# Fake Tweets Detector

This notebook is an attempt for the [Real or Not? NLP with Disaster Tweets](https://www.kaggle.com/c/nlp-getting-started/) Kaggle competition.

We will be using Huggingface and TensorFlow for text classification with BERT.

### Imports

In [None]:
import numpy as np 
import pandas as pd
from transformers import TFBertForSequenceClassification, BertTokenizer, TFDistilBertForSequenceClassification, DistilBertTokenizer, glue_convert_examples_to_features
import tensorflow as tf
from livelossplot import PlotLossesKeras
from sklearn.model_selection import train_test_split
from tensorflow import keras

## Get data and tokenize

In [None]:
tokenizer = DistilBertTokenizer.from_pretrained('distilbert-base-uncased')
#tokenizer = BertTokenizer.from_pretrained('bert-base-uncased')
model = TFDistilBertForSequenceClassification.from_pretrained('distilbert-base-uncased')
#model = TFBertForSequenceClassification.from_pretrained('bert-base-uncased')

In [None]:
train_data = pd.read_csv("data/train.csv")
test_data = pd.read_csv("data/test.csv")

Now that we have the data loaded lets takea  quick look at the training set.
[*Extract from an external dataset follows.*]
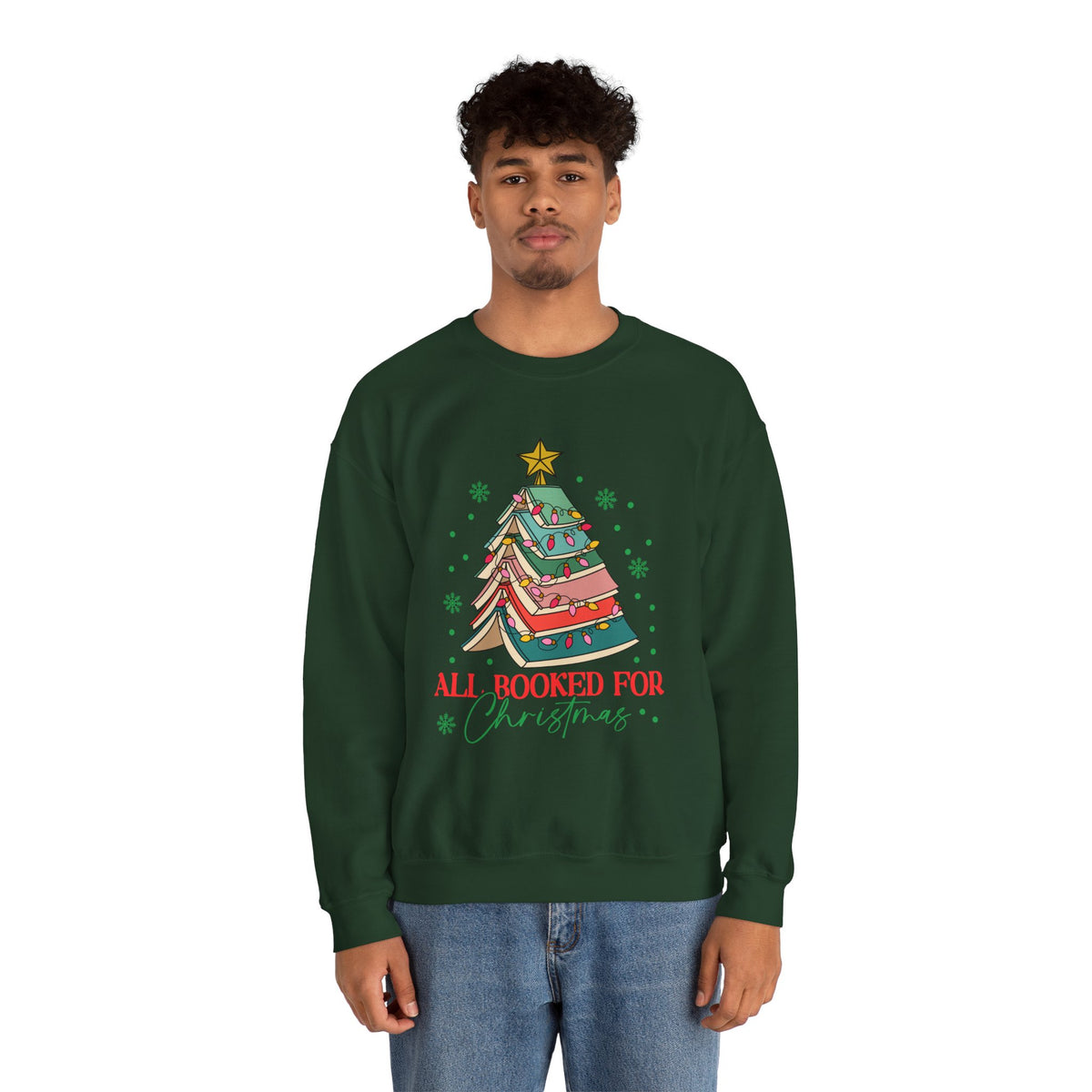 Christmas Book Lover Sweatshirt — "All Booked for Christmas" Cozy Crewneck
We can drop all columns besides the text and target column for now.

In [None]:
train_data

There is a significant amout of NaN values at the `keyword` and `location` columns, so for the moment let´s just drop them, along with the `id` column.

In [None]:
train_text_df = train_data[['text', 'target']]
train_text_df = train_text_df.dropna()
df_X = train_text_df['text']
df_y = train_text_df['target'].to_numpy()

Now lets split it into train and validation data.

In [None]:
X_train, X_val, y_train, y_val = train_test_split(df_X, df_y, test_size=0.2, random_state=1234)
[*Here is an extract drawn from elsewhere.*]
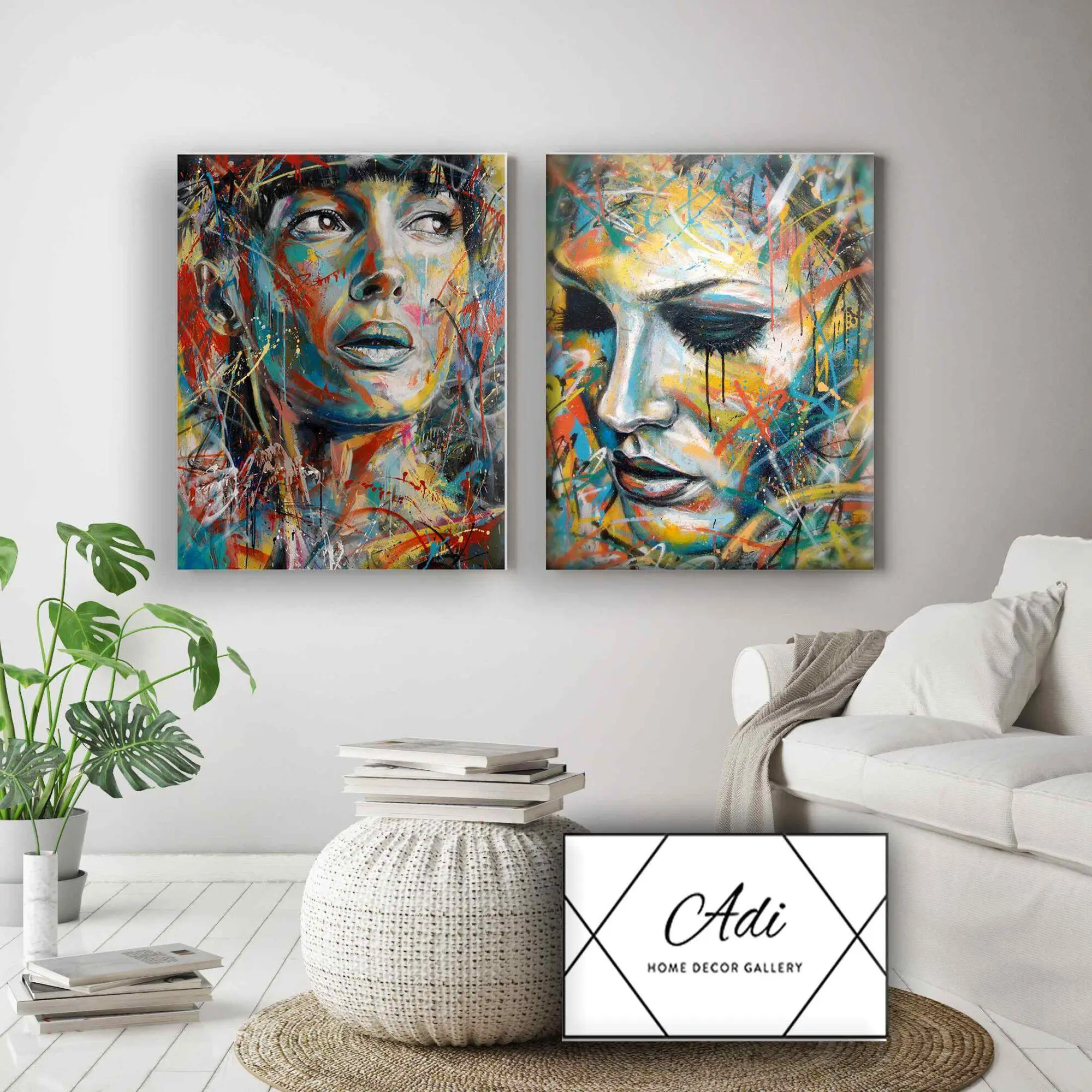 זוג תמונות של נשים בסגנון פופ ארט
Now we the training set up. 

Let´s tokenize the data. 
We will use the BERT tokenizer from huggingface. The `batch_encode_plu` methos will tokenize to all the data of the df. 

We should also return tensors for TF2, to make our life easier.

In [None]:
tokenized_X_train = tokenizer.batch_encode_plus(X_train, pad_to_max_length=True, return_tensors="tf")
tokenized_X_val = tokenizer.batch_encode_plus(X_val, pad_to_max_length=True, return_tensors="tf")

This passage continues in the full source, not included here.